(AIM OF THE TASK) Exact copies of the lines below, from the one with "28 Langdon St, Neighborhood Nine" up to and including the one with "Slovakia, Poltár, halastó., 1958, Zsanda", are what this calls for; leave out pictures.

(DATA FOR ANALYSIS)
%%

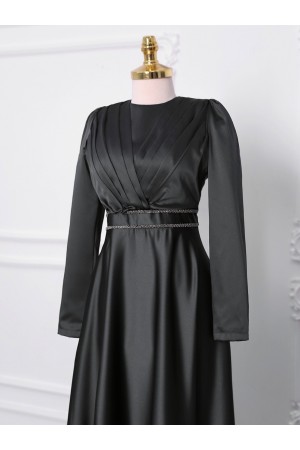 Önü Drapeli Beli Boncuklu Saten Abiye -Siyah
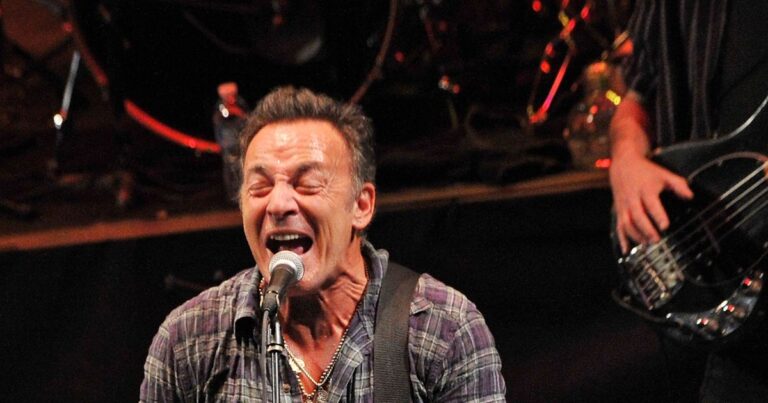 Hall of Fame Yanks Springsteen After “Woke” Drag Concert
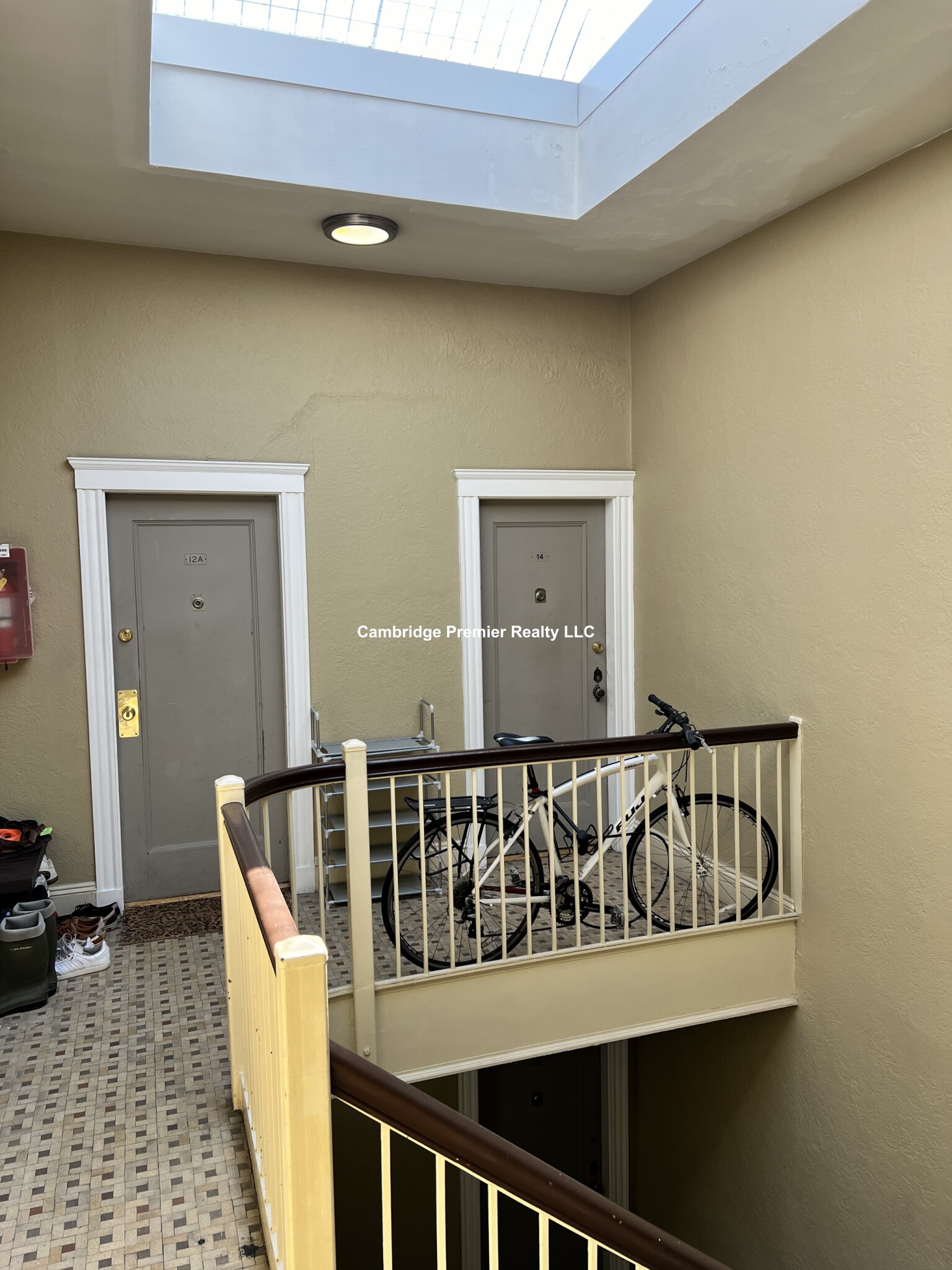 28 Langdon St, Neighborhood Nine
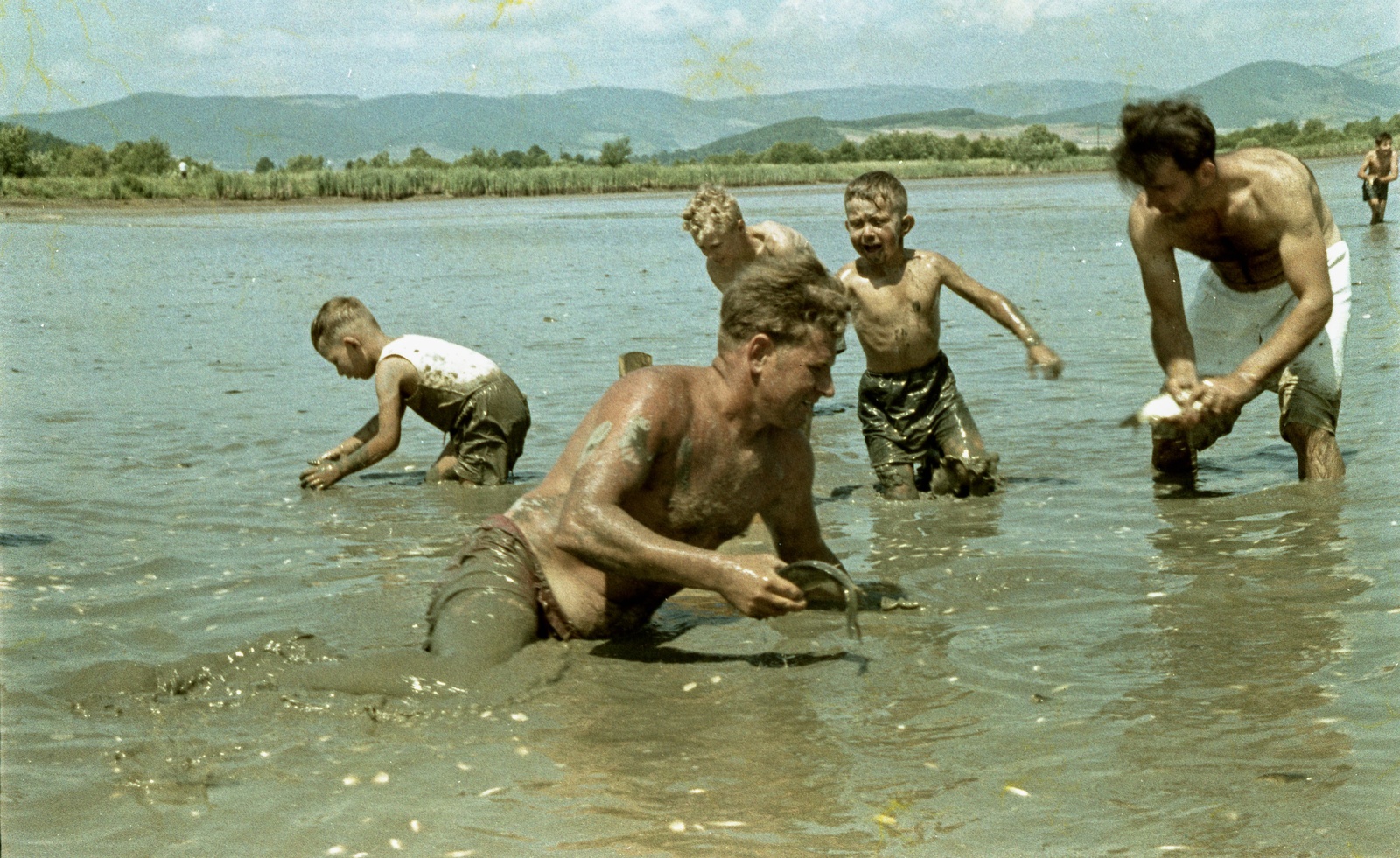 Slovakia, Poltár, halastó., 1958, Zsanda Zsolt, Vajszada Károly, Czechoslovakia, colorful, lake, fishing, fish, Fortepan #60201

%%
%%

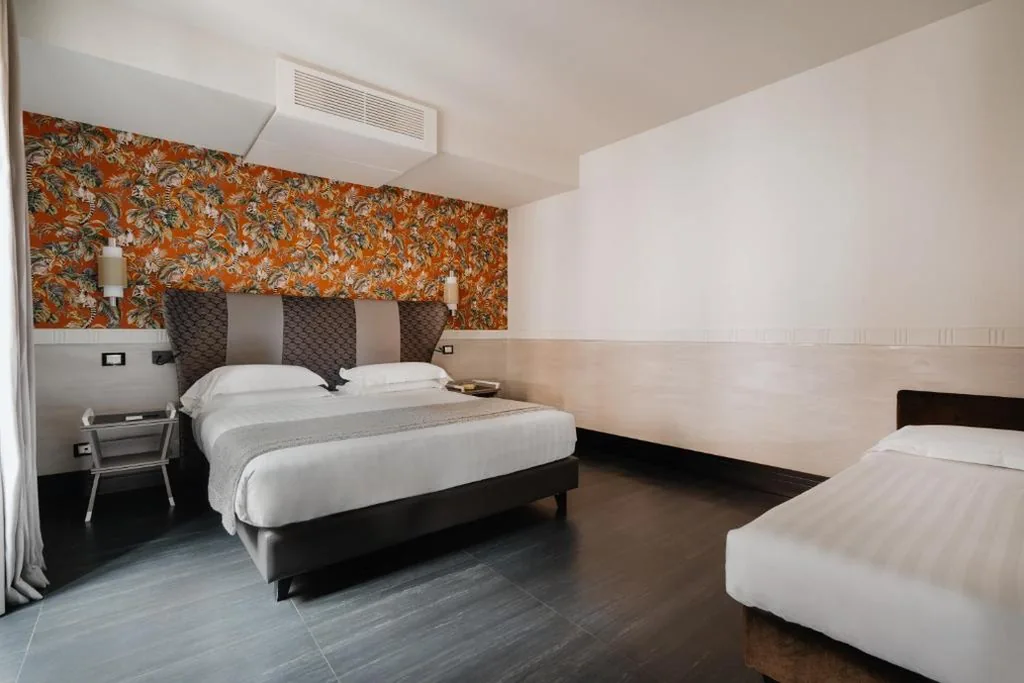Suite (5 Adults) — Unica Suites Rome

%%
%%

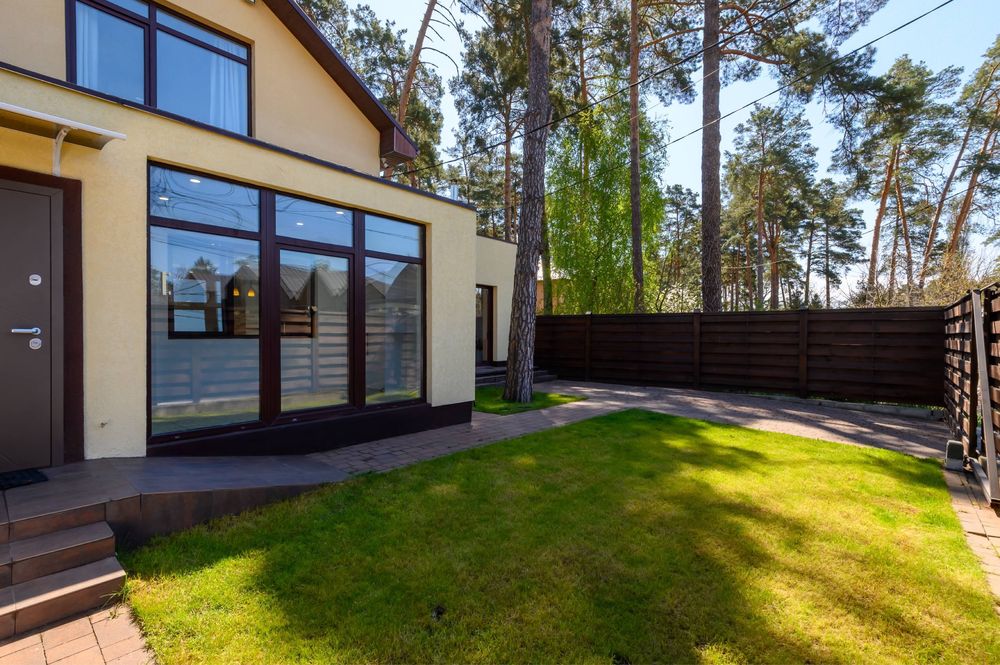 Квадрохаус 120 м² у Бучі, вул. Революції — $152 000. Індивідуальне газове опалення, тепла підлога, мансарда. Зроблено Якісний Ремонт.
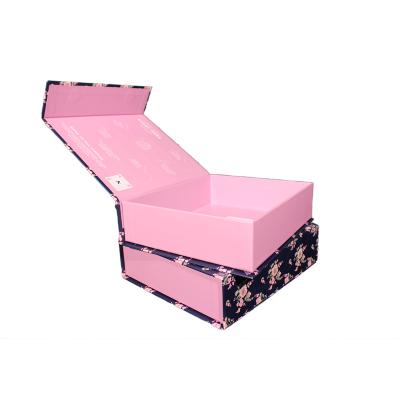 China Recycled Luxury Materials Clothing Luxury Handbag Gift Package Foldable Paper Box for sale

%%

(TASK RESPONSE)
 28 Langdon St, Neighborhood Nine
 Slovakia, Poltár, halastó., 1958, Zsanda Zsolt, Vajszada Károly, Czechoslovakia, colorful, lake, fishing, fish, Fortepan #60201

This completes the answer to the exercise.